Give back, unaltered, the lines from the one with "Spray hidratante para" to the end of the material, omitting pictures.

### Supplied records:
= Beginning of Section =

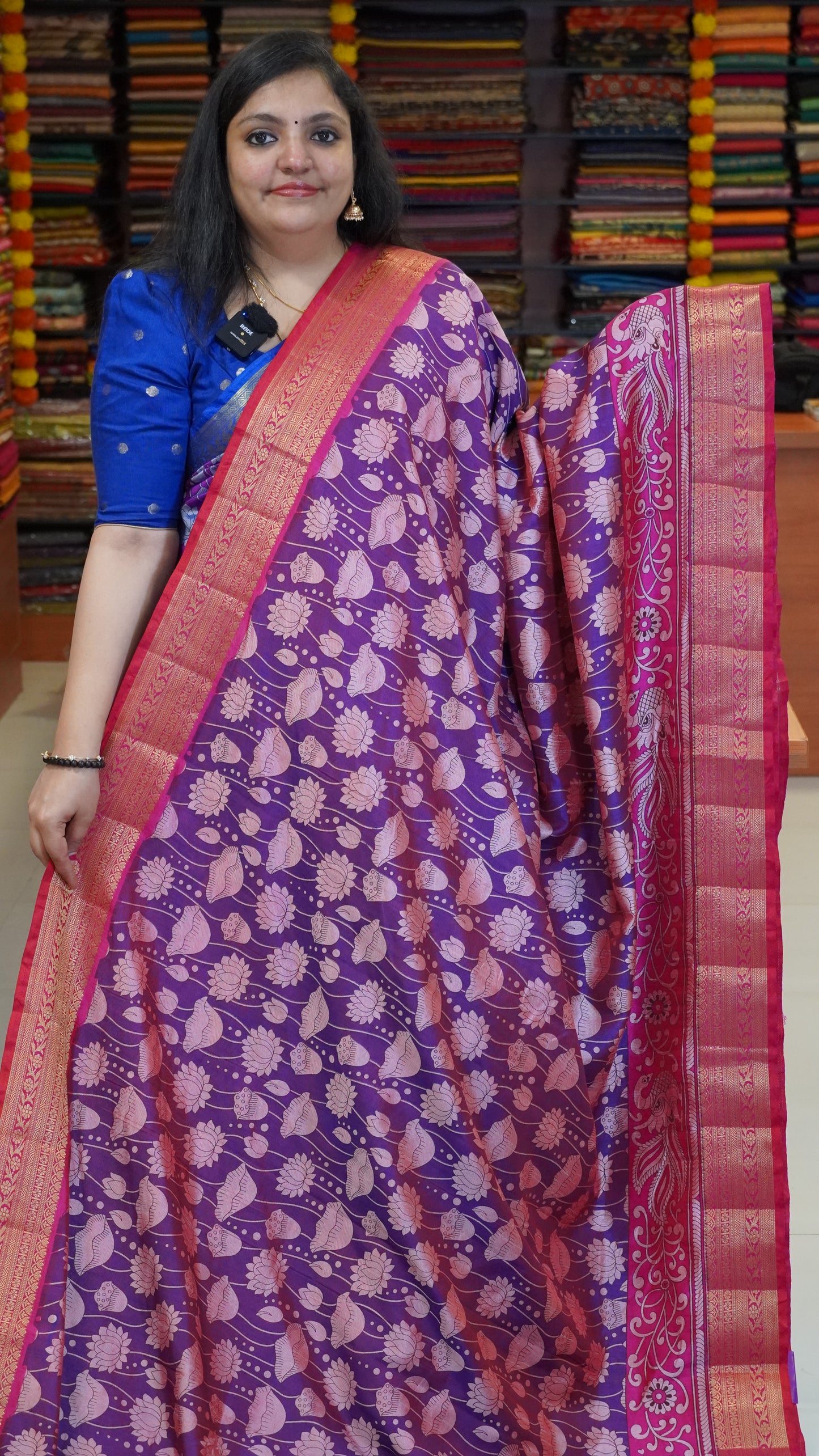 Semi Pattola Saree Kolam Floral Wine Shade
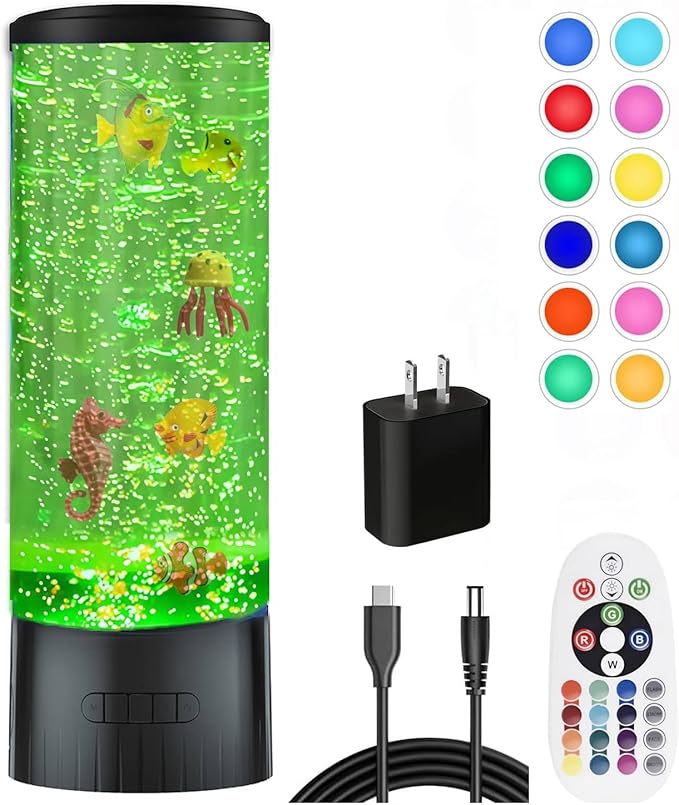 Desktop Sensory Bubble Tube Lamp with Artificial Fish - Autism Anxiety Relief Night Light, Color Changing Bubble Tube for Relaxation - Aquarium Mood Light Gift for Kids Adults, Home Office Decor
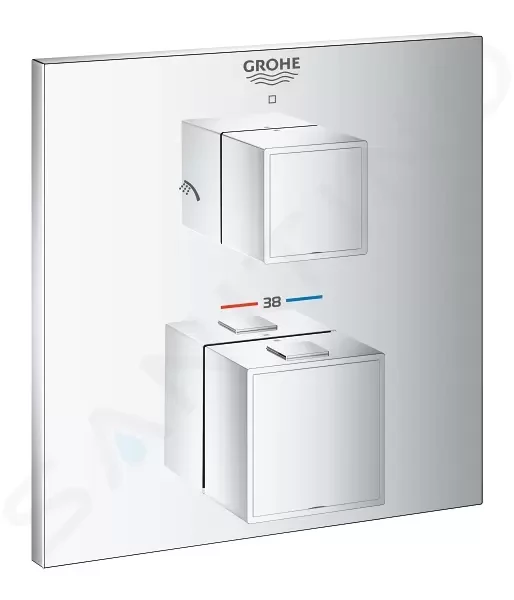 GROHE - Grohtherm Cube Termostatická batéria pod omietku na 2 spotrebiče, chróm 24154000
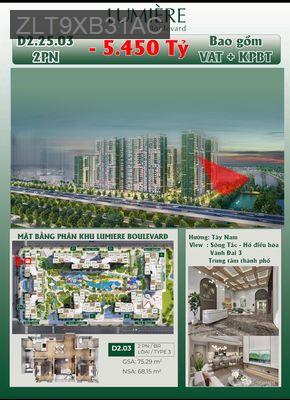 SIÊU HOT CĂN 2PN LUMIÈRE VIEW SÔNG TẮC, HỒ ĐIỀU HÒA GIÁ CĐT 5TY450 - Phường Long Bình  -  Quận 9  SIÊU HOT CĂN 2PN LUMIÈRE VIEW SÔNG TẮC, HỒ ĐIỀU HÒA GIÁ CĐT 5TY450 - Phường Long Bình  -  Quận 9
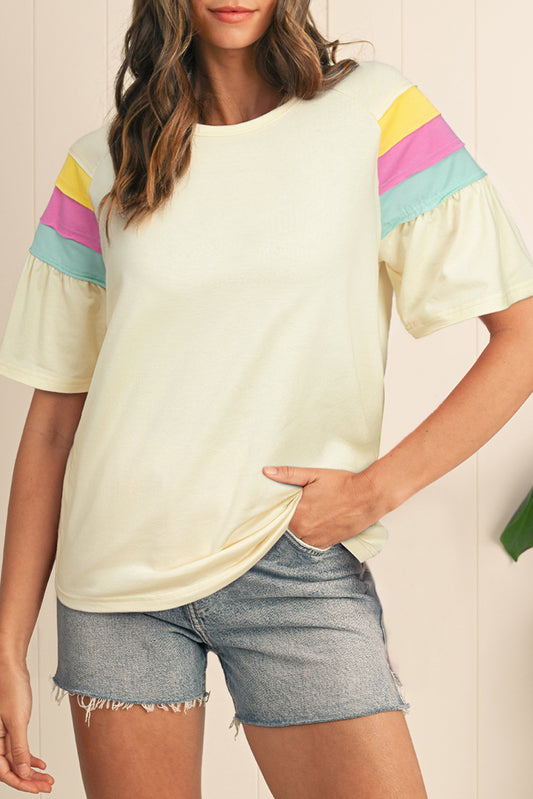 White Color Block Stitched Sleeve Loose Top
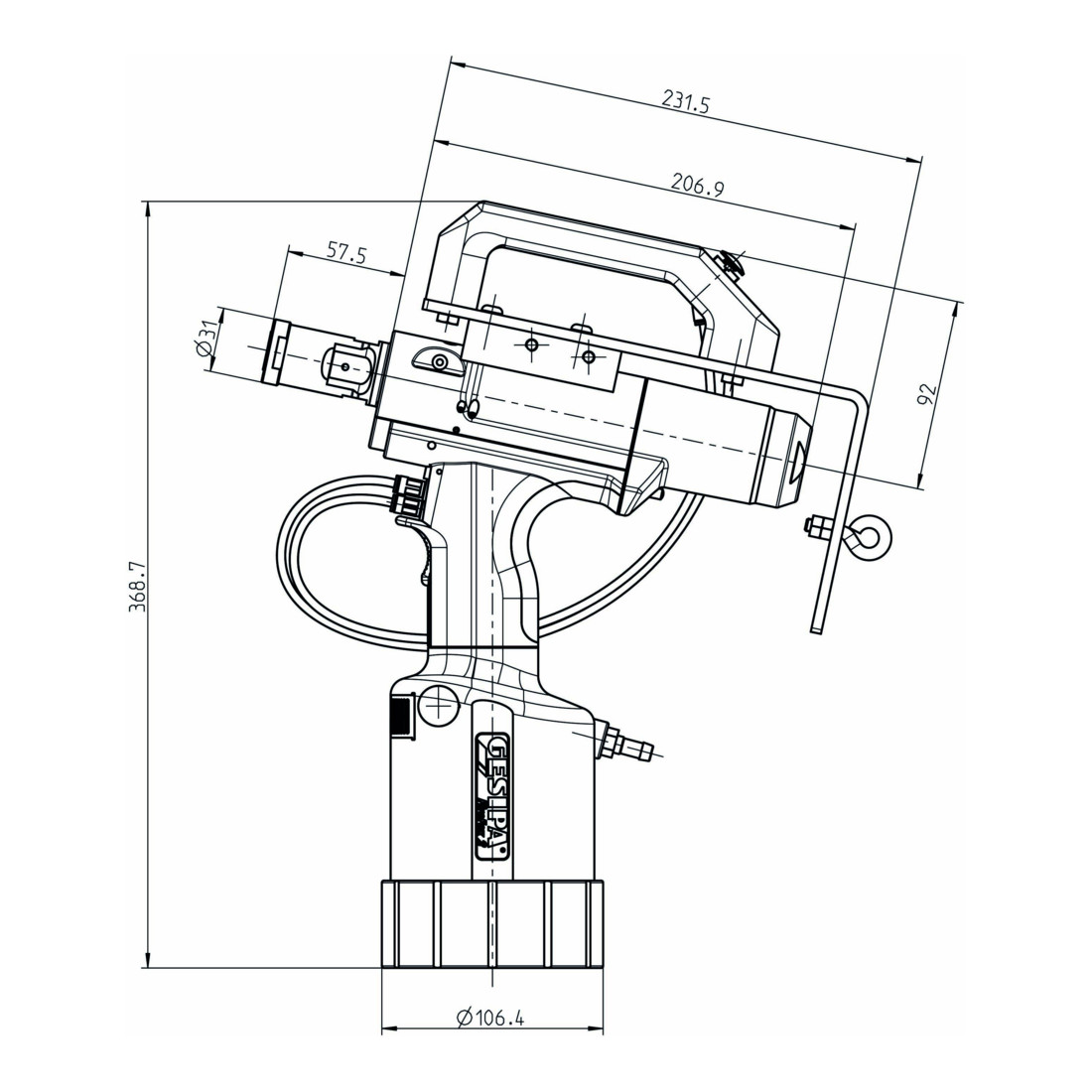 Outil de pose de rivets aveugles Gesipa FireFox 2F Axial eco - M 6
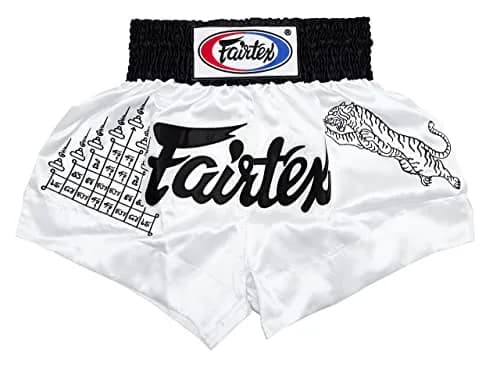 Fairtex Muay Thai Boxing Shorts Traditional Styles (White, Medium) | Quick-Drying Microfiber for Martial Arts thumbnail 1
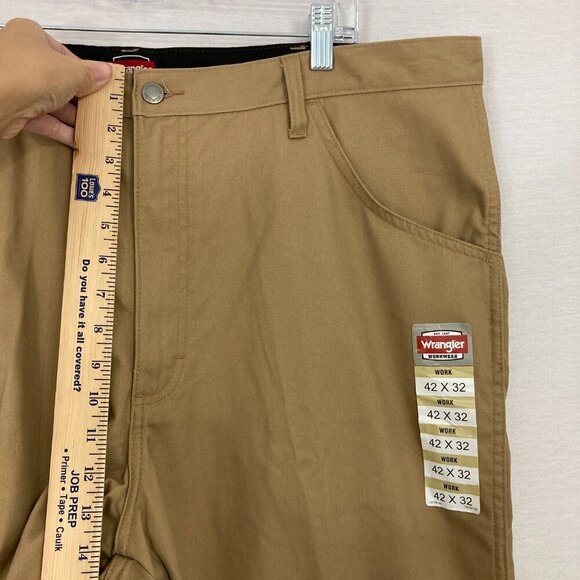 New Wrangler Men's Tan Workwear Work Pants size 42 x 32 - Picture 7 of 11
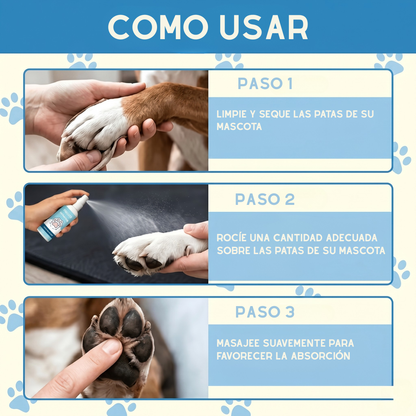Spray hidratante para almohadillas aplicado en las patas de un perro, con detalle de almohadillas secas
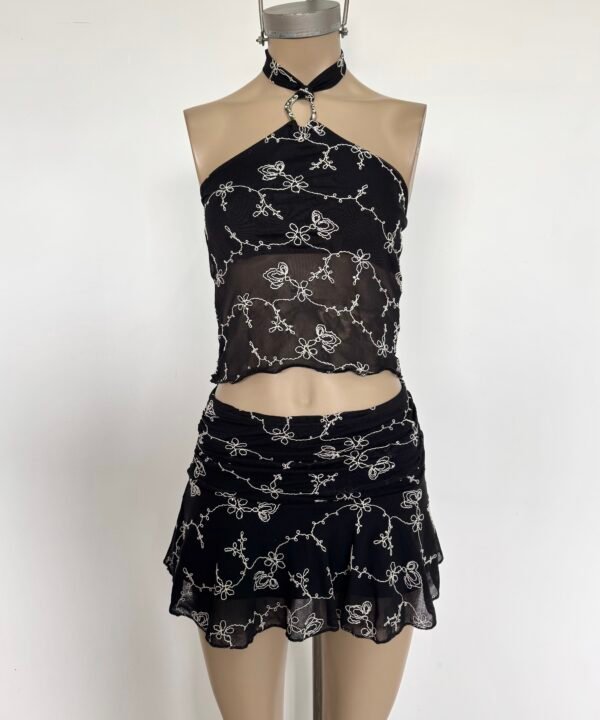 2101/TH-Top Tul Hilo Bordado Lewis Halter Argolla Con Lazo Para Atar Cuello - Image 3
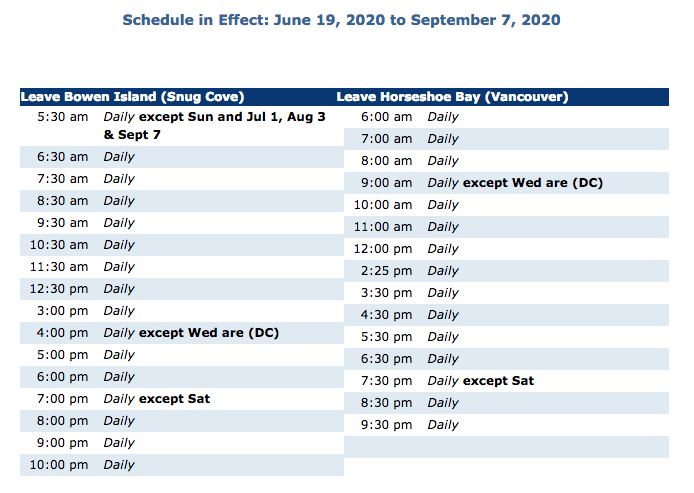 Ferry schedule between June 19 and Sept. 7.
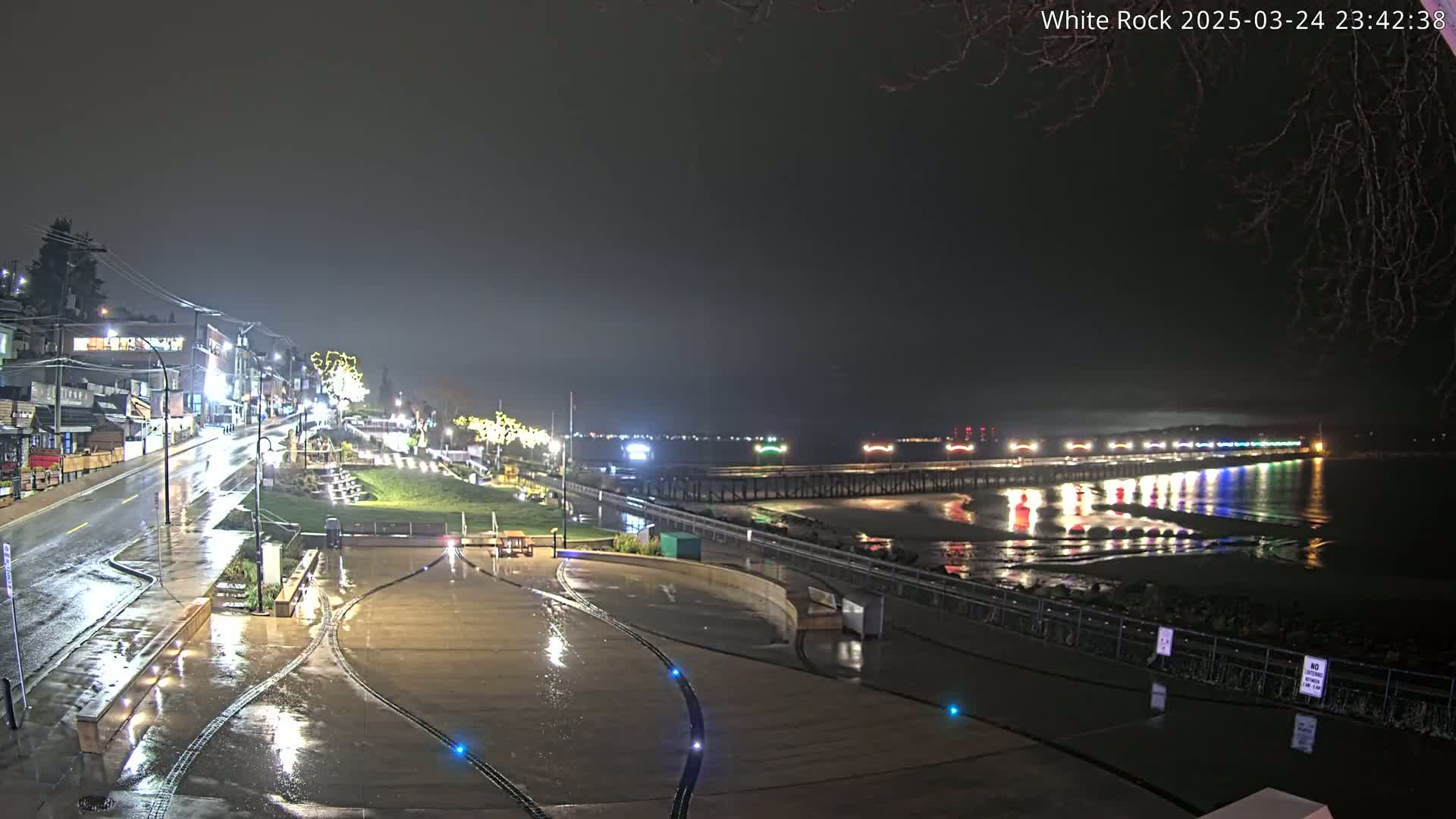 A rain-slicked waterfront plaza at night, with a long pier brightly lit and reflecting in the calm water.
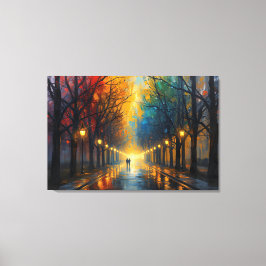 Regen-Spaziergang im Park Leinwandkunst | Wandkuns Leinwanddruck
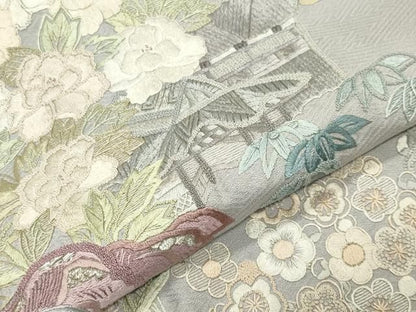 平和屋着物●中国三大刺繍　相良刺繍　総刺繍　訪問着　作家物　風景文　金銀糸　正絹　逸品　CABM5501gh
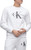 Calvin Klein Men's Monogram Logo Crew Neck Sweatshirt, White ck, X-Large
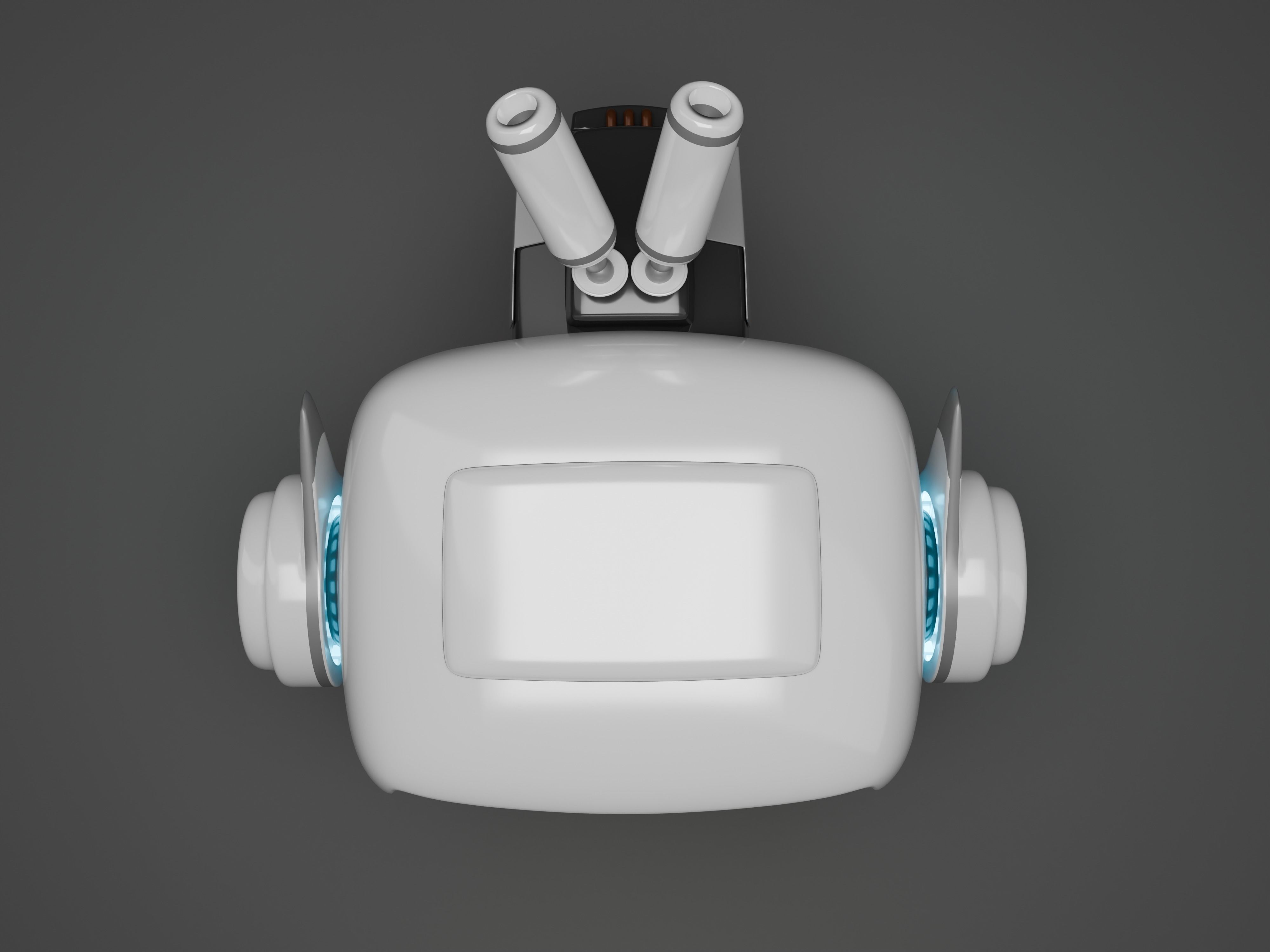 vintage television cute robot with LED face Low-poly 3D model_8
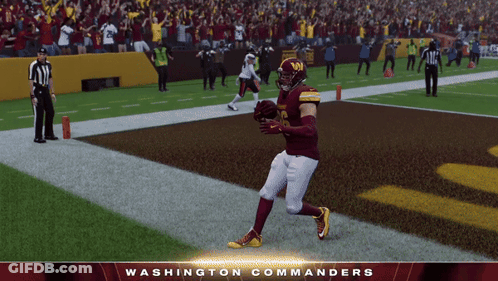 Washington Commanders Player Running With Ball GIF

= End of Section =

### Written response:
Spray hidratante para almohadillas aplicado en las patas de un perro, con detalle de almohadillas secas
 2101/TH-Top Tul Hilo Bordado Lewis Halter Argolla Con Lazo Para Atar Cuello - Image 3
 Ferry schedule between June 19 and Sept. 7.
 A rain-slicked waterfront plaza at night, with a long pier brightly lit and reflecting in the calm water.
 Regen-Spaziergang im Park Leinwandkunst | Wandkuns Leinwanddruck
 平和屋着物●中国三大刺繍　相良刺繍　総刺繍　訪問着　作家物　風景文　金銀糸　正絹　逸品　CABM5501gh
 Calvin Klein Men's Monogram Logo Crew Neck Sweatshirt, White ck, X-Large
 vintage television cute robot with LED face Low-poly 3D model_8
 Washington Commanders Player Running With Ball GIF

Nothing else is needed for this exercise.